Ed è così che quel confine segna il nostro limite, come due stati vicini, silenziosi, discreti e complementari.
Siamo noi, i limiti di noi stessi, instancabili autori delle nostre vite con divieti di accesso e semafori verdi che oltrepassiamo per raggiungerci. I
l ritrovarsi, un giorno, sarà un sogno.

A volte ci incontriamo nella vita senza alcuna ragione, a volte la troviamo e noi l'avevamo trovata quella ragione:
il destino.

Qualche volta i sentieri del tempo ci separano e le nostre ricerche si affidano al vento che in estate va in vacanza insieme alle piogge e all'amore che spesso si perde, ma non sono le stagioni a definirci, sono gli attimi che sembrano frammenti di pensiero.

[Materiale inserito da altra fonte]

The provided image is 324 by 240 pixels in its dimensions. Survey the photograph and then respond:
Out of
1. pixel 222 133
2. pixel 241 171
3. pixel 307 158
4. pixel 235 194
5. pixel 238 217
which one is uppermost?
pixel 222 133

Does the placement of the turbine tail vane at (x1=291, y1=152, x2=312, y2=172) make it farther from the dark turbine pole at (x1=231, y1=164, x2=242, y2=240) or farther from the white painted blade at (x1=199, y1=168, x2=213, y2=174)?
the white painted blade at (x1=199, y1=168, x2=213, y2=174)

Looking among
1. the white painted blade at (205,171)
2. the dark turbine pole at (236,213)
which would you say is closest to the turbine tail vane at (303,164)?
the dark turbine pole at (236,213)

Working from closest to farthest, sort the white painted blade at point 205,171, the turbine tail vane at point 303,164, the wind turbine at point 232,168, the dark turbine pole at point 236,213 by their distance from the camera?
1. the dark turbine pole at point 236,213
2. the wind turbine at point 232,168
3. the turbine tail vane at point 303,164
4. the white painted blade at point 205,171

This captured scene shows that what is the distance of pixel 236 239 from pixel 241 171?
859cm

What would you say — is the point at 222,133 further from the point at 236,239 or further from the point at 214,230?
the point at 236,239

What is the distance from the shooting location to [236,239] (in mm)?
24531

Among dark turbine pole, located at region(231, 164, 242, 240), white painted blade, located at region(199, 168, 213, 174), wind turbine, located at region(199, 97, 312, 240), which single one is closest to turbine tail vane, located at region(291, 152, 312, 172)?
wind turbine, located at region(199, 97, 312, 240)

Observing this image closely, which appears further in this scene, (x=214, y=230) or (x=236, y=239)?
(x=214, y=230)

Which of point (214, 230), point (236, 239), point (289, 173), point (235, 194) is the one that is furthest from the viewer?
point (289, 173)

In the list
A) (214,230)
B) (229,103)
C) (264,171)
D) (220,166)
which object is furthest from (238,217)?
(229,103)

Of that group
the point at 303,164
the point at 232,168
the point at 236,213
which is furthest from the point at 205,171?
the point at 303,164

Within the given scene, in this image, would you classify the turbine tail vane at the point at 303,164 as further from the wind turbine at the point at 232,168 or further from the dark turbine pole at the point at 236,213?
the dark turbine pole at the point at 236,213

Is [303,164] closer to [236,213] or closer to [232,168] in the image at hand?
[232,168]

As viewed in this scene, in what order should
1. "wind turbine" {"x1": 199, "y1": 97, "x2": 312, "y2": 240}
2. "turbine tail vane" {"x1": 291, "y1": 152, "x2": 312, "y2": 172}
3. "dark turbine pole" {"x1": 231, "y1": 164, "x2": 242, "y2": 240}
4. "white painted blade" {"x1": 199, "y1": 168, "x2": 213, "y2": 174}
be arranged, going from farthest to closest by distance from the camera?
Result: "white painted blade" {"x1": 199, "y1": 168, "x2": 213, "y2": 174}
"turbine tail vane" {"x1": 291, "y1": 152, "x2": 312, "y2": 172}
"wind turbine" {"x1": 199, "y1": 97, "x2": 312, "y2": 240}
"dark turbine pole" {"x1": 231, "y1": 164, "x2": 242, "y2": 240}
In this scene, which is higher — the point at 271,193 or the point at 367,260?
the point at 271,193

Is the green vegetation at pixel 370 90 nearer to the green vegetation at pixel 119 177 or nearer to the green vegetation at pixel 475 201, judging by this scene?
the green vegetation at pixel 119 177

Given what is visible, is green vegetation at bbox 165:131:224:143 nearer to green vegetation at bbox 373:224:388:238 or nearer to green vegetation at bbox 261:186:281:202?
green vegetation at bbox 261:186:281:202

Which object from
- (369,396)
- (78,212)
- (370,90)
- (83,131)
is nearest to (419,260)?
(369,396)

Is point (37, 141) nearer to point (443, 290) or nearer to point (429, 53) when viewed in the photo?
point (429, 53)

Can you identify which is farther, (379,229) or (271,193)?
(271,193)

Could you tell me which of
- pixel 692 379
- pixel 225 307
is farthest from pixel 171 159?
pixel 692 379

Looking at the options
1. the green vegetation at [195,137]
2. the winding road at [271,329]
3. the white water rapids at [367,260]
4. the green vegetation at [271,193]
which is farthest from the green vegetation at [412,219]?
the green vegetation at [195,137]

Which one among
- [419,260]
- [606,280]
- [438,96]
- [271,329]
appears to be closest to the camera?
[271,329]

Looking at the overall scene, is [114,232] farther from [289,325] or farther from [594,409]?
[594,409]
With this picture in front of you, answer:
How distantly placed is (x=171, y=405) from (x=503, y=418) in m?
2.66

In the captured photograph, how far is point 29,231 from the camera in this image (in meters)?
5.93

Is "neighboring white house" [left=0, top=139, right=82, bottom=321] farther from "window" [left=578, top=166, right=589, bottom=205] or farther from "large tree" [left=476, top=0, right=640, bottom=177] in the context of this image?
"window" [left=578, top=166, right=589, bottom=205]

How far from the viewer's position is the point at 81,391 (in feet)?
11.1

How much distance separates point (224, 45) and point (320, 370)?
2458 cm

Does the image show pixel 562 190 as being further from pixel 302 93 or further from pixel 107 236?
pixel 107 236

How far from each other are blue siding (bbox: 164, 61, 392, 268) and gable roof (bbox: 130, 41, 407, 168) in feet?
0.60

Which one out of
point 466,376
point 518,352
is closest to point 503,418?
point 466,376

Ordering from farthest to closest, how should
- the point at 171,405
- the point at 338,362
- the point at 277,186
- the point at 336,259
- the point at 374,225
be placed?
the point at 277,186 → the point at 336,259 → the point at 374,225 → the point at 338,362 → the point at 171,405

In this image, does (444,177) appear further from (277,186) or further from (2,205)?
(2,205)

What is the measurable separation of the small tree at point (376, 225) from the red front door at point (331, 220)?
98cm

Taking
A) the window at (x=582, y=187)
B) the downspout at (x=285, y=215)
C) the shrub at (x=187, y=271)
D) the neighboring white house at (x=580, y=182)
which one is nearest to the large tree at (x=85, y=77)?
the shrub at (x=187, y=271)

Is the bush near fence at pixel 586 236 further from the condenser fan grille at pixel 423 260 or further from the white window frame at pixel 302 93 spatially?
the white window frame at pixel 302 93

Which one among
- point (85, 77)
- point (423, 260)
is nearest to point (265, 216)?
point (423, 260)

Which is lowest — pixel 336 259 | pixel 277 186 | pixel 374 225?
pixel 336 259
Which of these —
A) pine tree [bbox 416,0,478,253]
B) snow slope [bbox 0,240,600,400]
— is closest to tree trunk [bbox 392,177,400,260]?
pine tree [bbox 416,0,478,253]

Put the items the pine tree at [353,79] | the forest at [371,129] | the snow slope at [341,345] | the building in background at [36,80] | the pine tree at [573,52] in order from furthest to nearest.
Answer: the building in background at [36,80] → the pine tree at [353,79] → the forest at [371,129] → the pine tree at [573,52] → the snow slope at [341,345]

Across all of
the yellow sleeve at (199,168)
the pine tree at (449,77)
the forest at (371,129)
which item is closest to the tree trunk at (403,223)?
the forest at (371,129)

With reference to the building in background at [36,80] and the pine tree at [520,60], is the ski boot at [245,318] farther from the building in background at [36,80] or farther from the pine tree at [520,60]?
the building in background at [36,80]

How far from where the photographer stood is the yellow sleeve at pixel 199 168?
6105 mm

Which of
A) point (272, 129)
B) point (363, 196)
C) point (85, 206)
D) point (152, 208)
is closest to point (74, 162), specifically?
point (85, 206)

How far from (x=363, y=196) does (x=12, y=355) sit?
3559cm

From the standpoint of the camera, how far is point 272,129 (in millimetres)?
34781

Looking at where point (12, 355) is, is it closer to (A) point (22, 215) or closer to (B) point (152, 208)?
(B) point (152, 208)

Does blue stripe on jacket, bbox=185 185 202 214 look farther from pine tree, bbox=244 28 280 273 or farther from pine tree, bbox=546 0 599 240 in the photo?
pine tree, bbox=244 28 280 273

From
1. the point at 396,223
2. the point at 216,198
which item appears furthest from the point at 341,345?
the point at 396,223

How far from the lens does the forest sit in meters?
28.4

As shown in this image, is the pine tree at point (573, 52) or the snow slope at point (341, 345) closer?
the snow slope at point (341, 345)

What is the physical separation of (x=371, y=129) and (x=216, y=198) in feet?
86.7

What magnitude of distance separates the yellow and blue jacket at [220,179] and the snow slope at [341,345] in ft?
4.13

In effetti siamo l'unità in cui si mescola quel " noi" che riusciamo ad essere quando siamo insieme, dove si annulla ogni porta chiusa, ogni gabbia aperta, perché noi lo chiudiamo lo sportello per restare soli e si perde ogni desiderio di volare via.

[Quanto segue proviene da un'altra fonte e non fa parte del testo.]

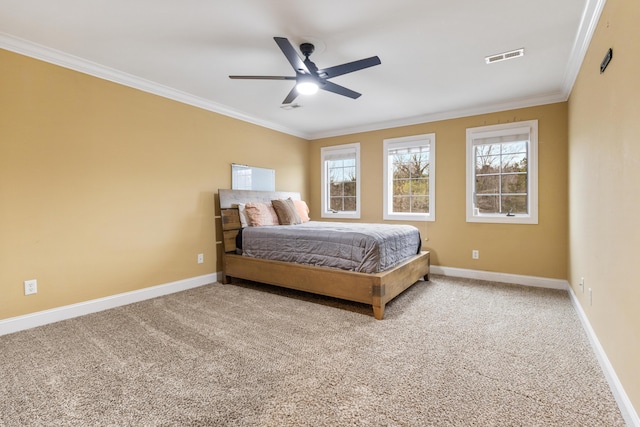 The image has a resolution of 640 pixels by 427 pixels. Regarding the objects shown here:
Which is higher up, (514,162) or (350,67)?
(350,67)

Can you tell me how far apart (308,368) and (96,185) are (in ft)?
8.91

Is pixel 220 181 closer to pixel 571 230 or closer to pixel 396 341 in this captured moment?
pixel 396 341

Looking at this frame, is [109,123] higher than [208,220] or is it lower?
higher

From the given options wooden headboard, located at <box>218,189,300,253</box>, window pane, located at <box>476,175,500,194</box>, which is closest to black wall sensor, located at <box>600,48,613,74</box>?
window pane, located at <box>476,175,500,194</box>

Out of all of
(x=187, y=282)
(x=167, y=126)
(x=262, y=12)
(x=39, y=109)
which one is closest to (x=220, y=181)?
(x=167, y=126)

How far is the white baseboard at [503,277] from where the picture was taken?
3697 millimetres

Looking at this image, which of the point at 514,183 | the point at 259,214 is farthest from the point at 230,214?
the point at 514,183

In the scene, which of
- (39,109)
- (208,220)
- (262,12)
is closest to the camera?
(262,12)

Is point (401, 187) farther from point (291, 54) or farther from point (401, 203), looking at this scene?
point (291, 54)

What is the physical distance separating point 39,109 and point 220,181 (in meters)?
1.95

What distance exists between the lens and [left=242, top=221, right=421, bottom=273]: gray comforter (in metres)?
2.97

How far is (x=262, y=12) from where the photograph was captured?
211cm

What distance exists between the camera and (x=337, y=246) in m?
3.15

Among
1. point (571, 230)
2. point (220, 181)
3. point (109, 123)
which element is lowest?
point (571, 230) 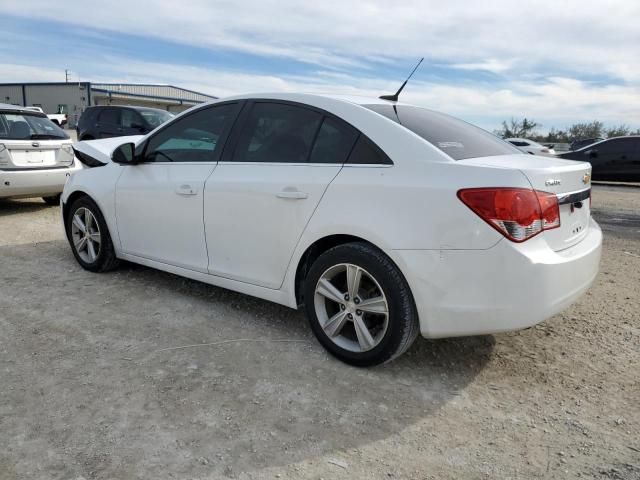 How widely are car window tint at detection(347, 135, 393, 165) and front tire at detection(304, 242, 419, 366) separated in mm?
472

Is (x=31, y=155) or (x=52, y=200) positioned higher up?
(x=31, y=155)

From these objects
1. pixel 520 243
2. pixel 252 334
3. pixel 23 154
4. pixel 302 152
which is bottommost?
pixel 252 334

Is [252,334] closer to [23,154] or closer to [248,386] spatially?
[248,386]

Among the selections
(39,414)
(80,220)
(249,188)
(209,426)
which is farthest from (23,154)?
(209,426)

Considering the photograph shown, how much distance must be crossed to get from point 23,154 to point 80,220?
296cm

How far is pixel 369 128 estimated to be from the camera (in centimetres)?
310

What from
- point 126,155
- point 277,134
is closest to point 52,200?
point 126,155

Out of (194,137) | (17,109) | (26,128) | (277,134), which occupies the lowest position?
(26,128)

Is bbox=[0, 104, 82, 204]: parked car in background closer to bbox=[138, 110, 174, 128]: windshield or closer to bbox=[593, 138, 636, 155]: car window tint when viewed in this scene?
bbox=[138, 110, 174, 128]: windshield

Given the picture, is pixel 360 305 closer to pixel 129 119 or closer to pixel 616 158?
pixel 129 119

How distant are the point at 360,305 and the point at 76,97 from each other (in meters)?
57.7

In un istante nasciamo come fosse la prima volta che ci cerchiamo per ricordarci che siamo nati per caso da quell'embrione,
dal nostro embrione.
Come quando ti cercavo dal tavolino del nostro bar, attraverso il vetro che gocciolava di pioggia o attraverso i riflessi del sole della nostra isola, quella della nostra storia, coi colori a pastello.

Eri l'arcobaleno in un cielo di pioggia appena finita, eri la speranza del sole che torna da dietro le nuvole e porta con se il calore che mancava.
Ti aspettavo.
Ed ho ancora voglia di aspettarti, all'uscita del bar o all'entrata, per il solito caffè che dividiamo, per il saluto un po' distratto per la fretta del mattino, per dirti che ti amo ancora e che nessun divieto sarà un ostacolo,
se ancora lo vorrai.
Noi che abbiamo colorato
i gradini della nostra scala,
noi che vogliamo credere che il nostro sogno esiste ancora, che malgrado tutto, troviamo ancora il cielo nella notte buia delle nostre distanze, noi siamo qui a voler continuare la nostra storia a pastelli.